前回、残留農薬について取り上げましたが、今回は食品添加物について取り上げてみたいと思います。食品衛生法では、食品添加物は食品の製造過程で、または食品の加工や保存の目的で食品に添加、混和などの方法によって使用するものと定義されており、安全とその有効性が認められたものが法律で使用を許可されています。
食品添加物は、厚生労働省の定めによると「保存料や甘味料、着色料や香料など、製品の製造過程または食品の加工・保存の目的で使用されるもの」とされており、厳正な調査を経て「人の健康を損なわない」と認められたものだけが流通しています。
メリットとしては長くおいしく食べられる、旨味がしっかりと感じられるといったものがあげられ、今日の豊かな食生活を形作ってきています。令和元年6月時点食品添加物には大きく分けると4つの種類があります。

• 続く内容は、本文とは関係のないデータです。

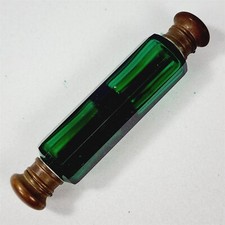 Vintage Victorian Green Glass Perfume Bottle Double Copper End Caps 10 Sided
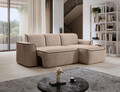 Coltar dreapta 4 locuri ELTAP, Ume, 287x190x88 cm, lemn/poliester, bej inchis/negru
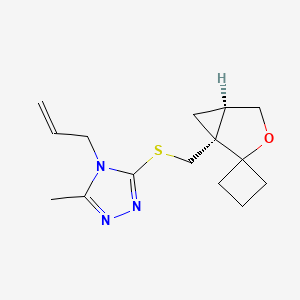 molecular formula C15H21N3OS B7354985 3-methyl-4-prop-2-enyl-5-[[(1R,5R)-spiro[3-oxabicyclo[3.1.0]hexane-2,1'-cyclobutane]-1-yl]methylsulfanyl]-1,2,4-triazole 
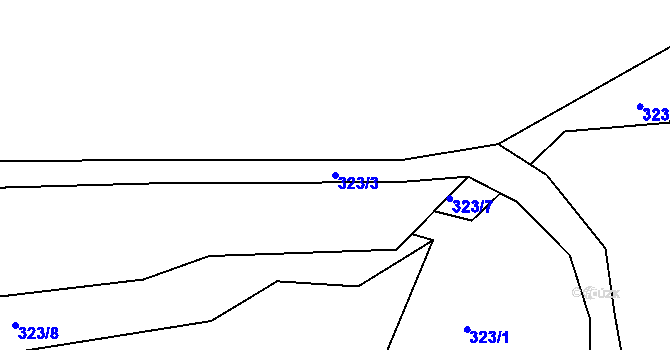 Parcela st. 323/3 v KÚ Tuřany u Kynšperku nad Ohří, Katastrální mapa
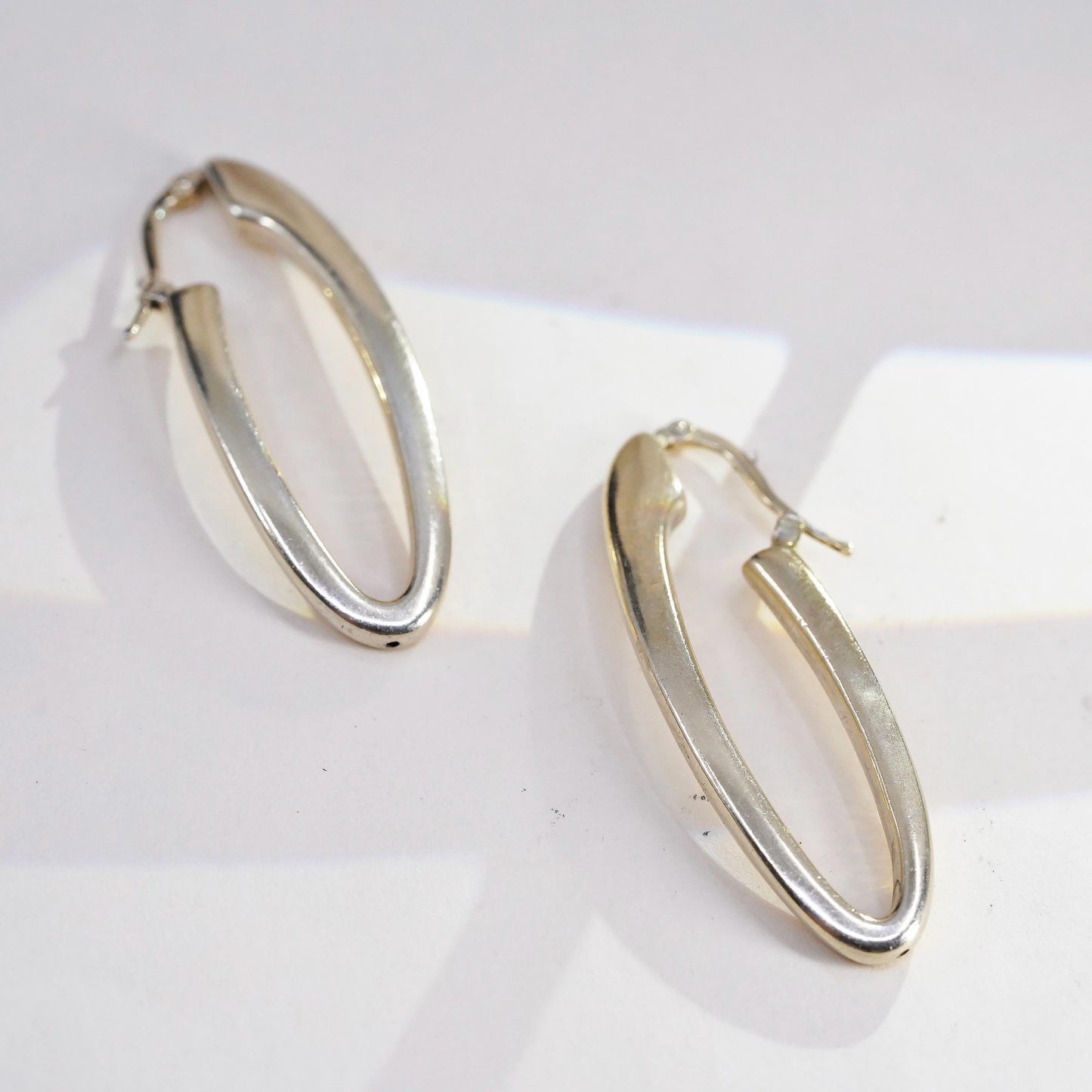 1.75”, VTG vermeil gold over sterling silver loop earrings, 925 long oval hoops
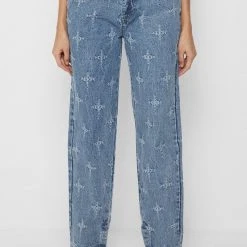 Woman Denim Cross Stitch Mom Jeans - Mid Blue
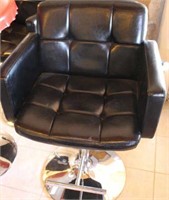 (7) LEATHER BAR STOOLS WITH ARM & BACK RESTS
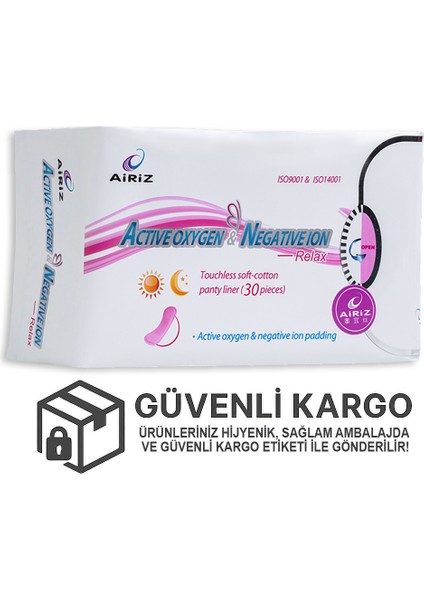 Günlük Ped 30'lu - Active Oxygen & Negative Ion - İnce Yapı, Ferah ve Koku Önleyici Ped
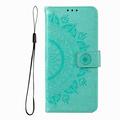 Motorola Moto G37 Power Mandala Wallet Case with Wrist Strap - Mint Green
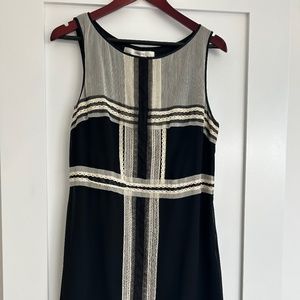 Black and ivory mixed sleeveless dress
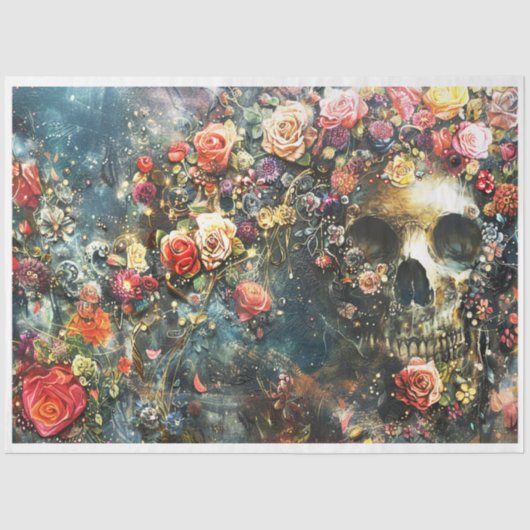 ハロウィーンの宝石飾りスケルトン 薄葉紙 (正面)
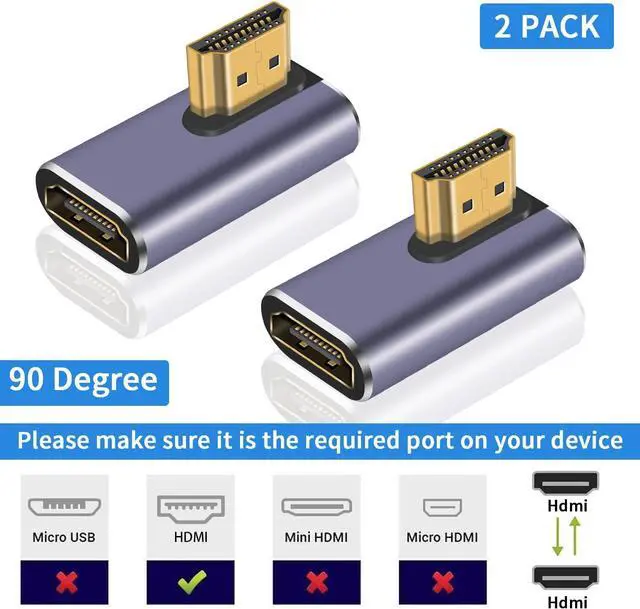 Alt view image 3 of 6 - BUCIER HDMI 90 Degree Adapter 8k, Right Angle HDMI 2.1 Adapter, 48Gbps HDMI Male to Female Adapter Extender Connector Supports 8K@60Hz, 4K@120Hz, 3D HDR for Laptop,DVD,TV, Monitors,PS5 (2Pack)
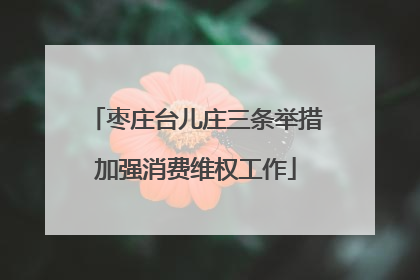 枣庄台儿庄三条举措加强消费维权工作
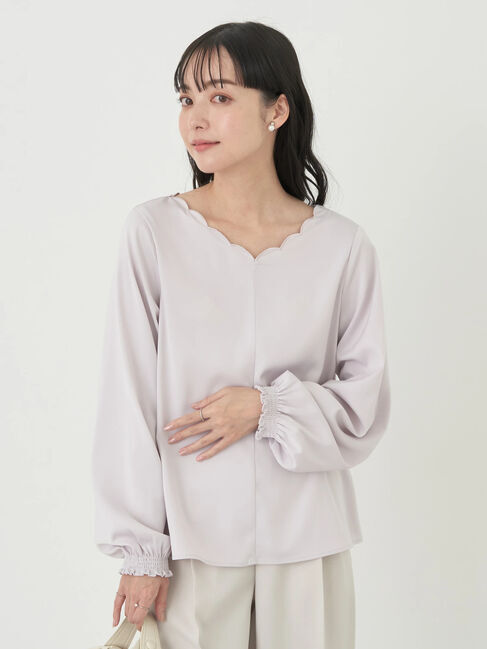 earth music&ecology「スカラップブラウス」|シャツ・ブラウス|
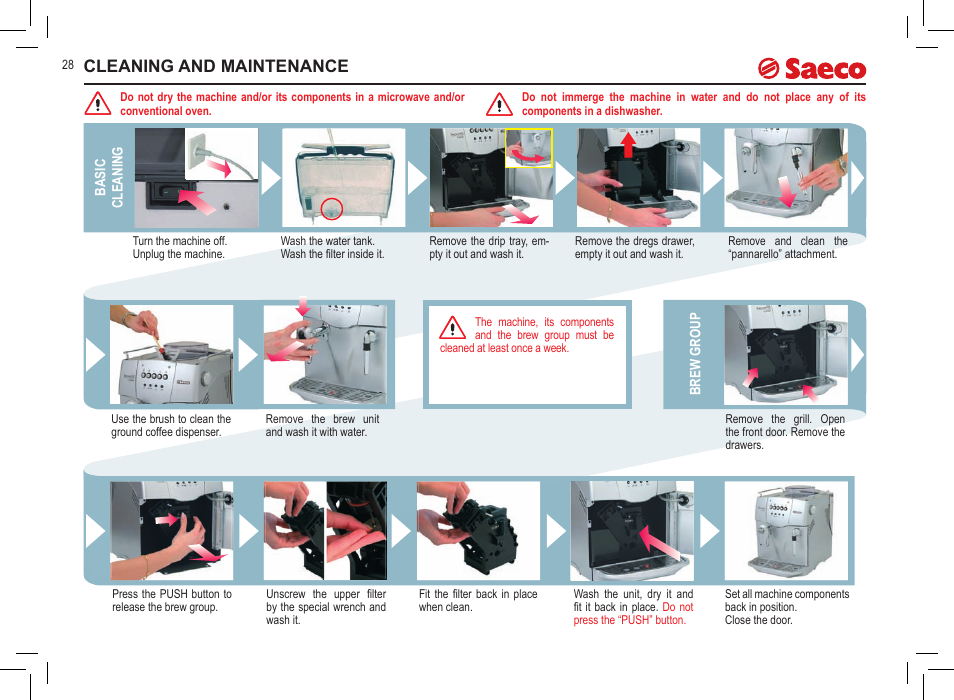 Cleaning and maintenance | Philips Saeco Incanto Classic S-class User Manual | Page 28 / 116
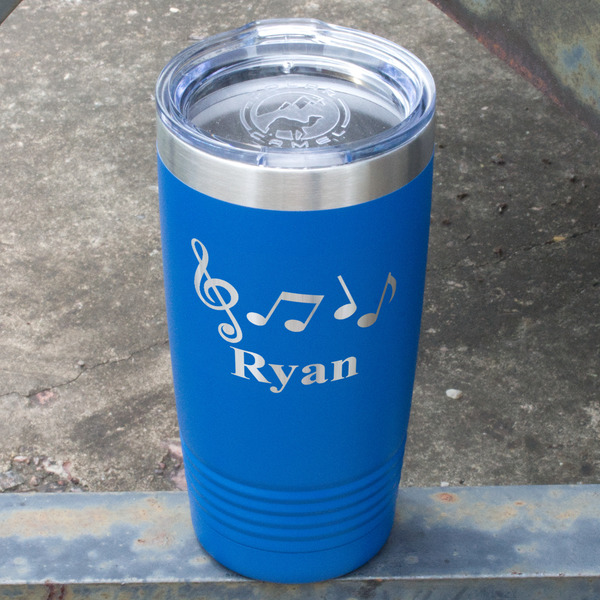 Musical Notes Blue Polar Camel Tumbler - 20oz - Angled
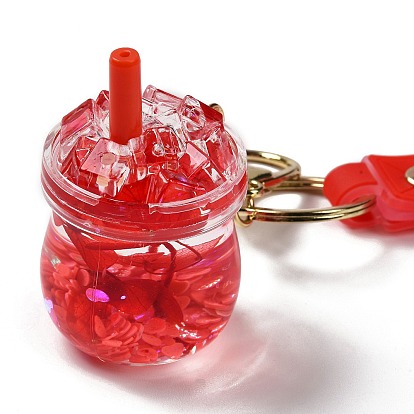 Drinks Bottle Acrylic Pendant Keychain Decoration, Liquid Quicksand Floating Handbag Accessories, with Alloy Findings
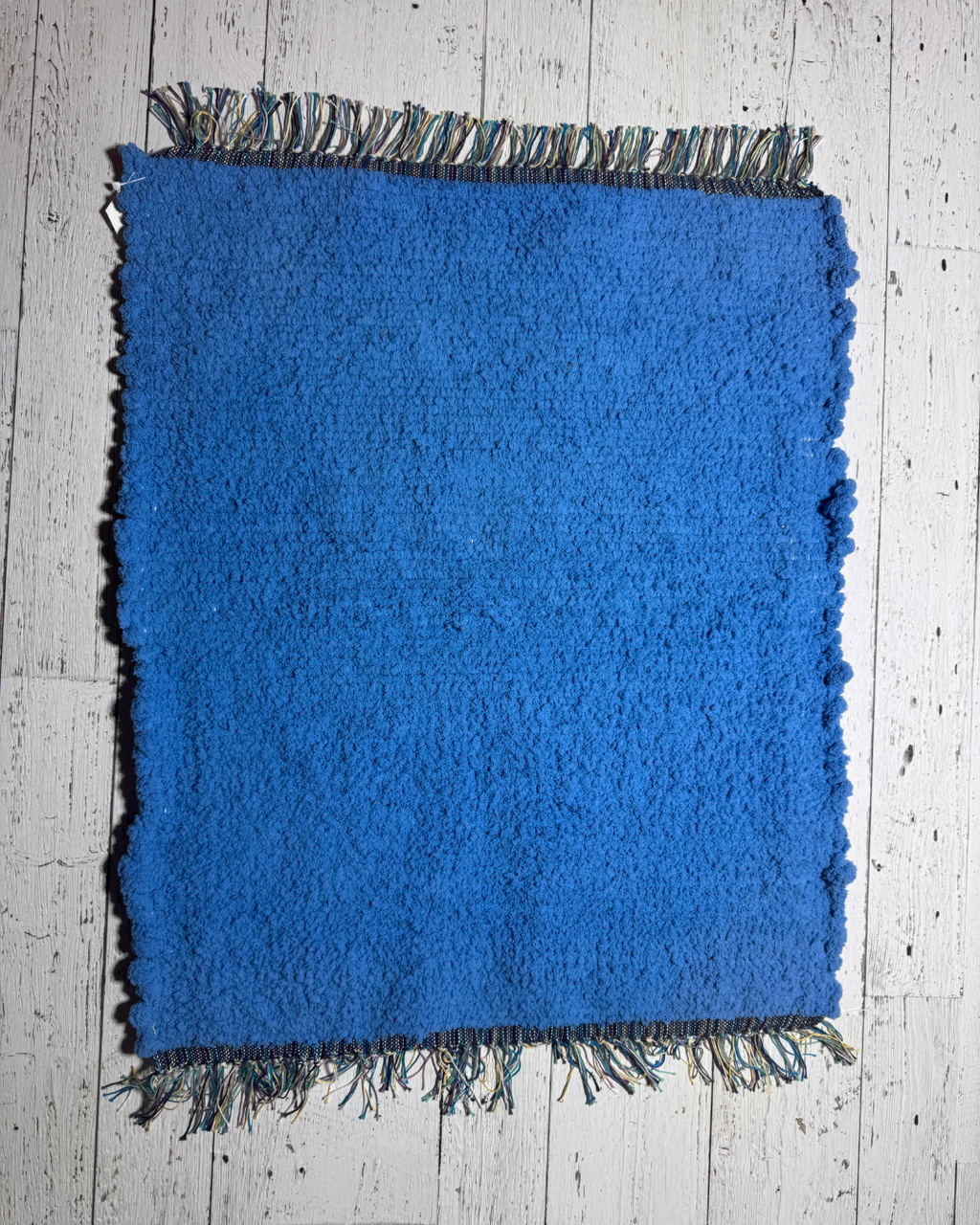 Yarn Handmade Rug 31" x 26" Royal Blue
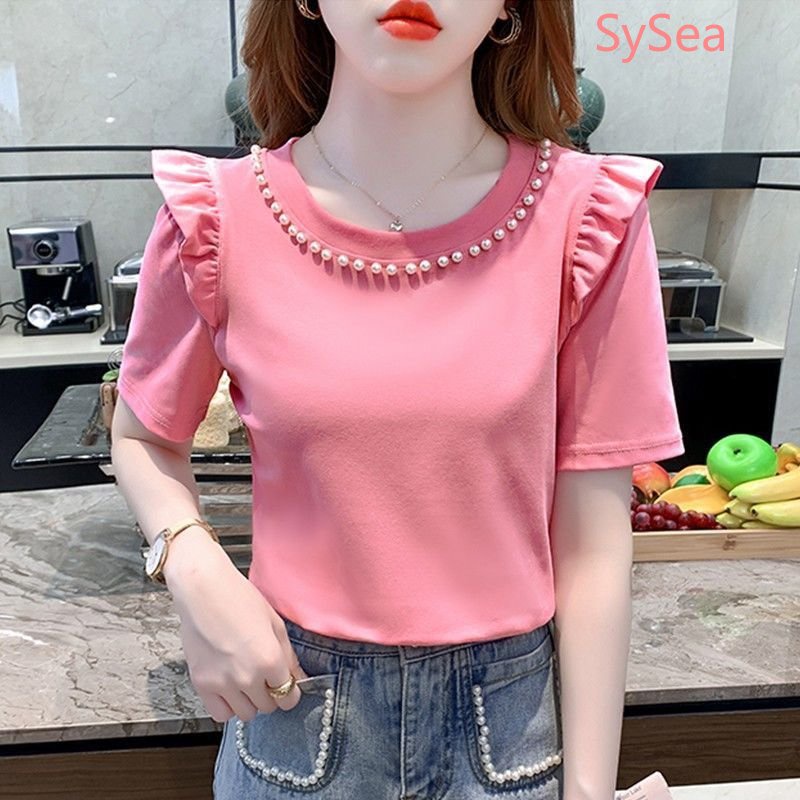 Áo Kiểu Cổ Tròn Phối Ren Bèo Thời Trang Mùa Hè Cho Nữ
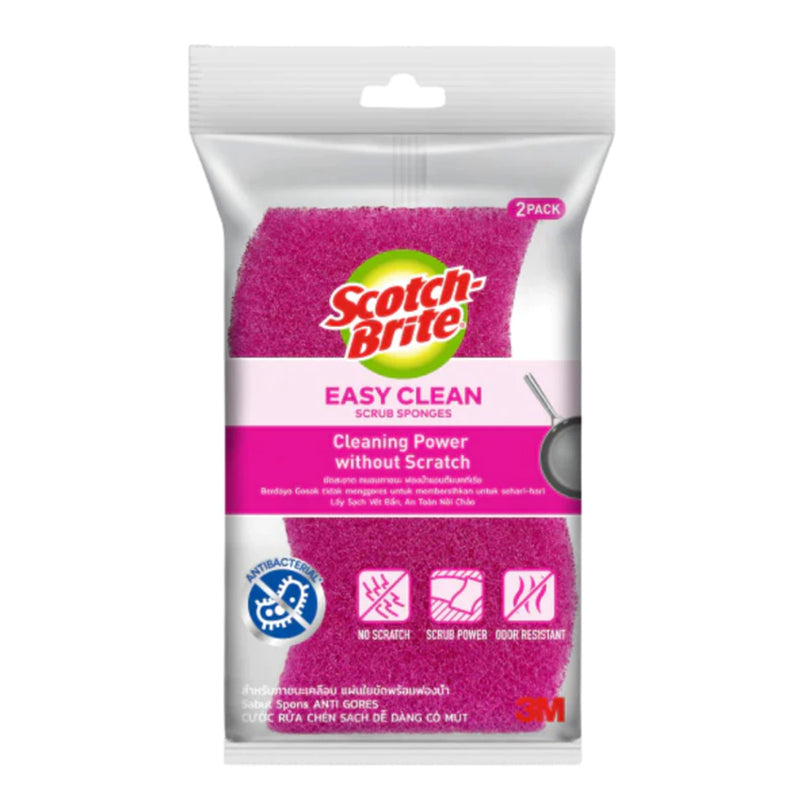 Scotch Brite Easy Clean Scrub Sponge Pink 2pcs/pack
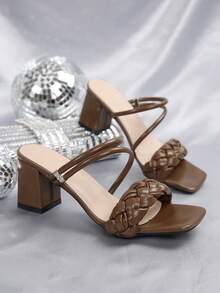 Giày sandal quai ngang kiểu Pháp thanh lịch, gót chunky, thích hợp cho hẹn hò, mua sắm, đi làm, công sở, họp mặt, tiệc tùng, du lịch, thời trang, đa năng, thoải mái. - màu nâu - Xem 5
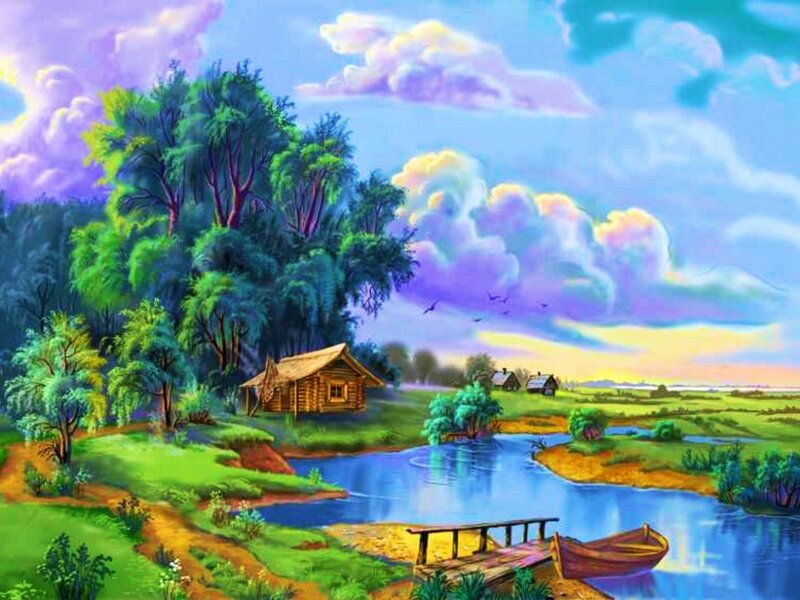 Cabin by a River — Blue, Serene, Sunset, Painting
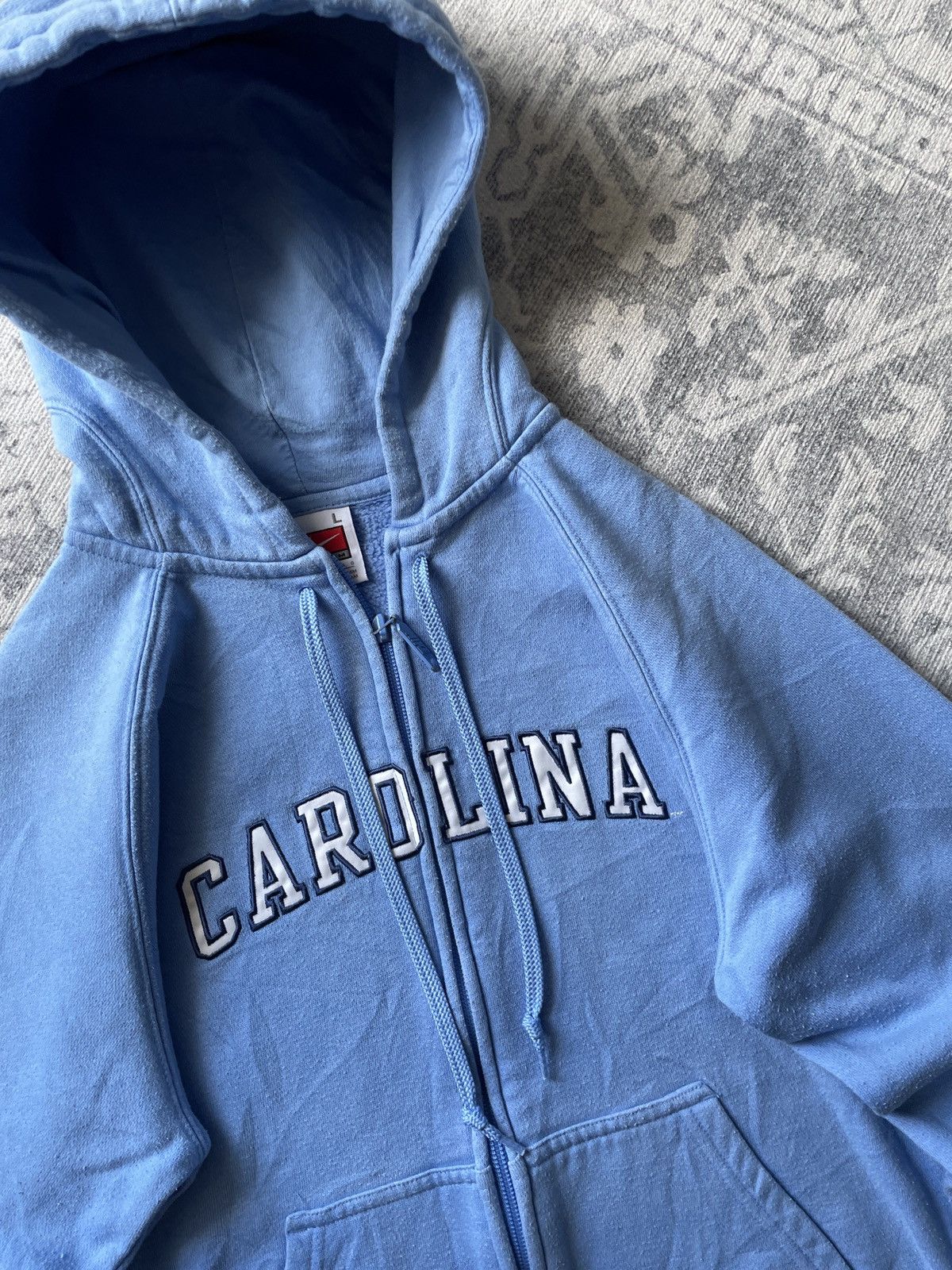 Japanese Brand × Nike × Vintage Vintage Nike Zip Hoodie Carolina Boxy Cropped Japanese Drill Size US S / EU 44-46 / 1 - 7 Thumbnail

1つ目は安全性を評価した上で厚生労働大臣が指定したもの463品目
2つ目は「既存添加物」といって日本で既に使用され長い食経験があるもの(クチナシ色素や柿タンニンなど365品目)
3つ目は動植物から得られる天然の香料(バニラ香料やカニ香料など600品目)
4つ目は一般的に飲食に供されている「一般飲食物添加物」(イチゴジュースや寒天など100品目)
世界には多くの食品添加物がありますが、長年の食生活や制度の違いによって、それぞれの国において添加物の定義や対象食品の範囲、さらには使用可能な量なども異なっており、日本では安全とされ使用可能であっても、海外では使用禁止となっている食品添加物も多々あります。
例えば、日本においてゼリーや清涼飲料水などに多く使用されている「赤色2号」という着色料は、アメリカやEU諸国では発がん性やじんましんなどのリスクが高まるとされ、またショートニングやマーガリンを使用したパンや菓子に含まれる「トランス脂肪酸」には、心筋梗塞や脳卒中、認知症などのリスクが高まるとしてアメリカをはじめ台湾やカナダ、イギリス、オランダ、デンマーク、スイスなど多くの国では禁止または使用制限がかかっています。